___ Excerpted records

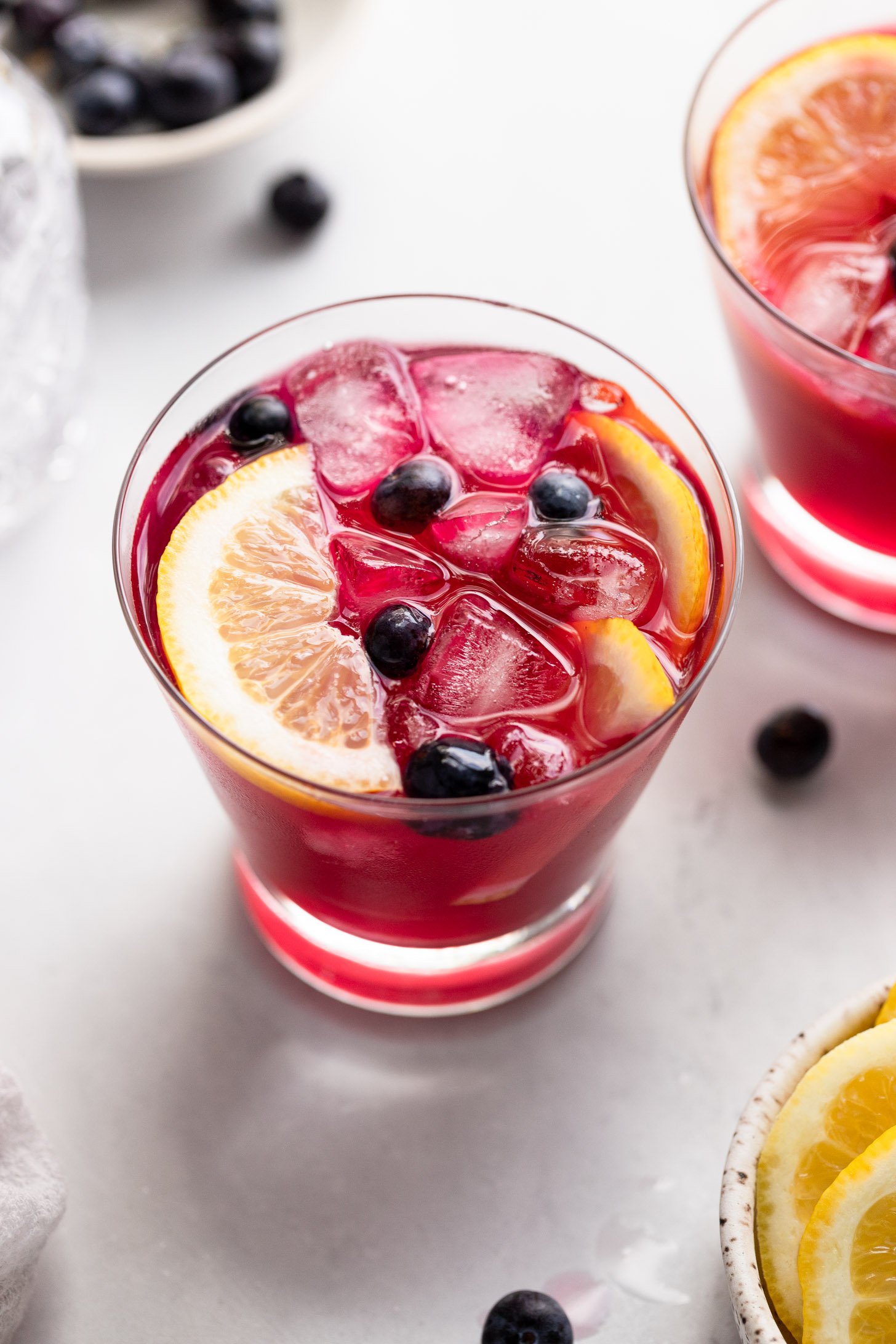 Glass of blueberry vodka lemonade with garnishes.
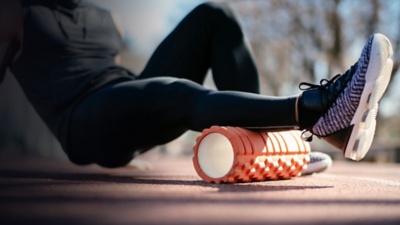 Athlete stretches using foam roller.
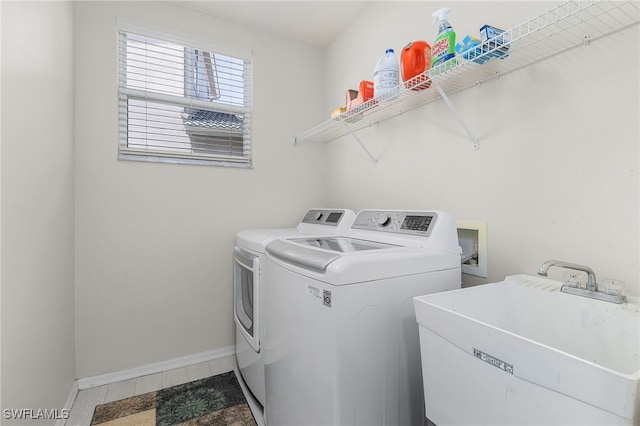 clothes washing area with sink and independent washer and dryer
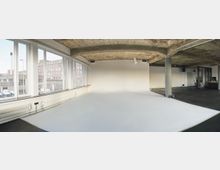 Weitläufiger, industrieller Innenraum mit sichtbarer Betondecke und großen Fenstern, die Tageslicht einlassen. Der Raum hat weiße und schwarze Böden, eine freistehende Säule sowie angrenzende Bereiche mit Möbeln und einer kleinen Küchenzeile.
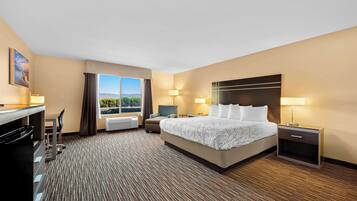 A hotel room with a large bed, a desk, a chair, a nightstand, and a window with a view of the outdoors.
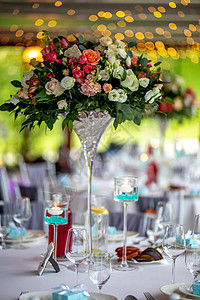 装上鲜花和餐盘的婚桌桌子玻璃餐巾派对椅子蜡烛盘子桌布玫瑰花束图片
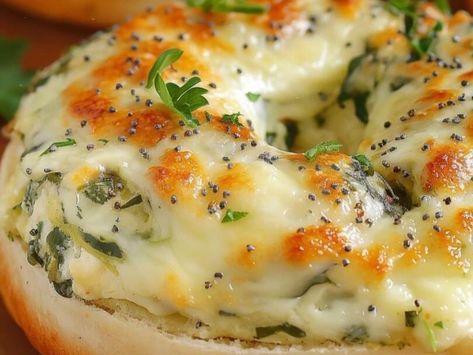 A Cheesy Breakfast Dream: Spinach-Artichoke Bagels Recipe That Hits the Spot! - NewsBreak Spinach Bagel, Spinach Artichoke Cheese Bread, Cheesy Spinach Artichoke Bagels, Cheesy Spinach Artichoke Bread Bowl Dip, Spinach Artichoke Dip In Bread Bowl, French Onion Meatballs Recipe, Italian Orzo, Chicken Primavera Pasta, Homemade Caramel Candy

______
___ Excerpted records

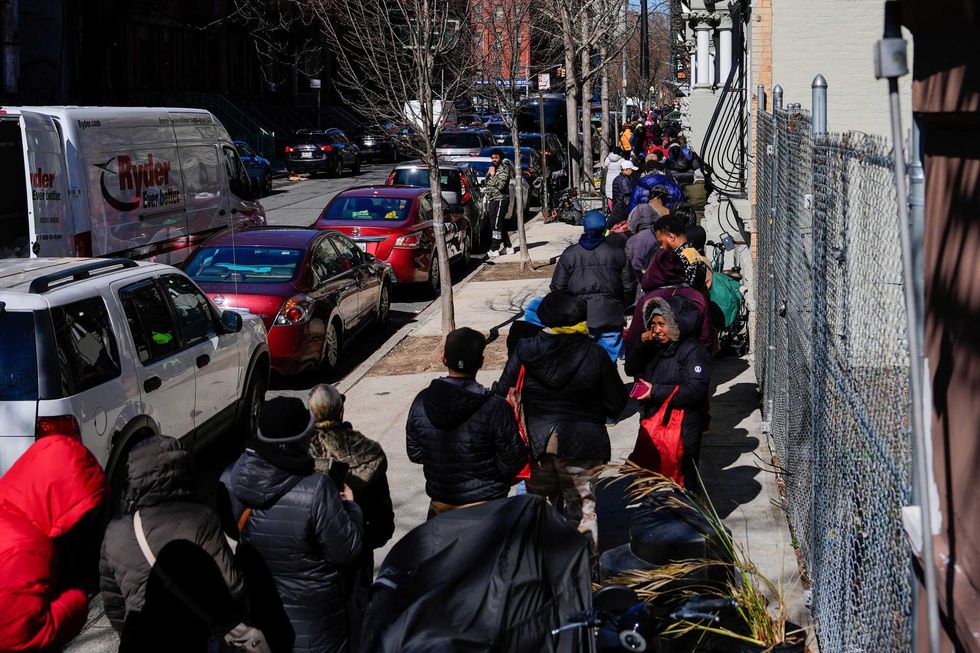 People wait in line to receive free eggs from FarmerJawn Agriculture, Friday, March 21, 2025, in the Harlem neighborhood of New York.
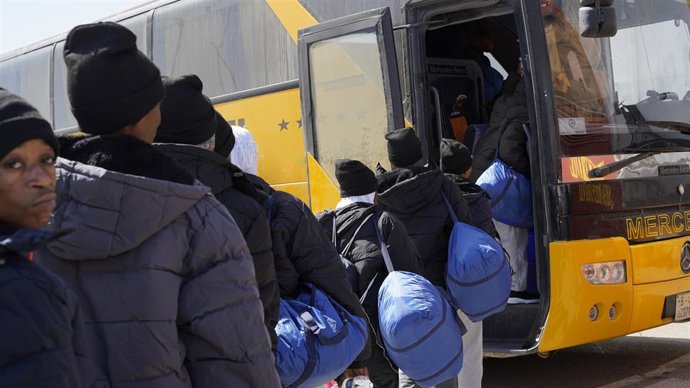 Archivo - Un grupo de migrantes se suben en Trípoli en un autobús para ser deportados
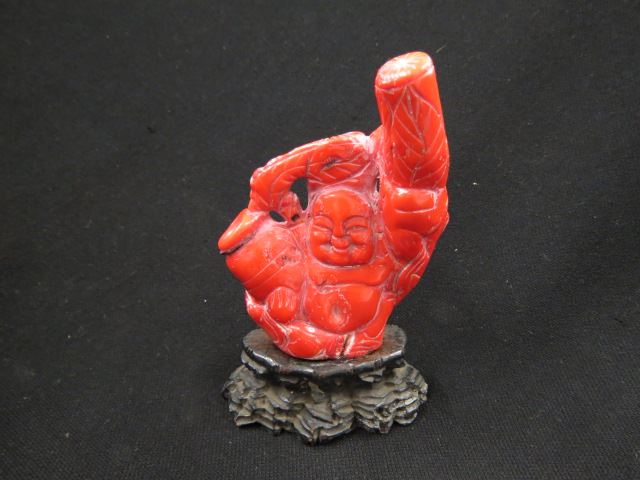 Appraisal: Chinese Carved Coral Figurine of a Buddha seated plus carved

______
___ Excerpted records

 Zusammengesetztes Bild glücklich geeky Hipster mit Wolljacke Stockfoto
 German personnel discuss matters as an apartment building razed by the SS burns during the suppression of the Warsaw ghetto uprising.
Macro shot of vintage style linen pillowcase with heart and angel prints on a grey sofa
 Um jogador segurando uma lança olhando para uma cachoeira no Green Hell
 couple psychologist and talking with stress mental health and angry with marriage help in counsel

______

• _Work task_
All lines in the listing above from the line containing "Um jogador segurando" to the line containing "couple psychologist and", inclusive, should be retyped exactly; no other lines should appear.

• _Exercise result_
 Um jogador segurando uma lança olhando para uma cachoeira no Green Hell
 couple psychologist and talking with stress mental health and angry with marriage help in counsel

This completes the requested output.